Your task
What you return must be an exact copy of the lines in the listing below between the line holding "El fenómeno registrado" and the line holding "SŁUPEK PRÓG POSZYCIE", inclusive, and nothing more.

Information given

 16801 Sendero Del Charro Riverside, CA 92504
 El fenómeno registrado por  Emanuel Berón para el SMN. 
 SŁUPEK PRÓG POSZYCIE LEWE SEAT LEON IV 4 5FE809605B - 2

* * *

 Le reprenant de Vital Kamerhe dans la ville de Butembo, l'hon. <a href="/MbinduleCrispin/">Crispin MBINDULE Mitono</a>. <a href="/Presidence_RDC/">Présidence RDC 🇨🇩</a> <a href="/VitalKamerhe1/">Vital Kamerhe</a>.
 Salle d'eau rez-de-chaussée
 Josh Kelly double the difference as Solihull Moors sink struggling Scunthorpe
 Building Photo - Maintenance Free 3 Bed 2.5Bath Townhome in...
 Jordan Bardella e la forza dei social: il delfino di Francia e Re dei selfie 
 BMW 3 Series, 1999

Written response
 El fenómeno registrado por  Emanuel Berón para el SMN. 
 SŁUPEK PRÓG POSZYCIE LEWE SEAT LEON IV 4 5FE809605B - 2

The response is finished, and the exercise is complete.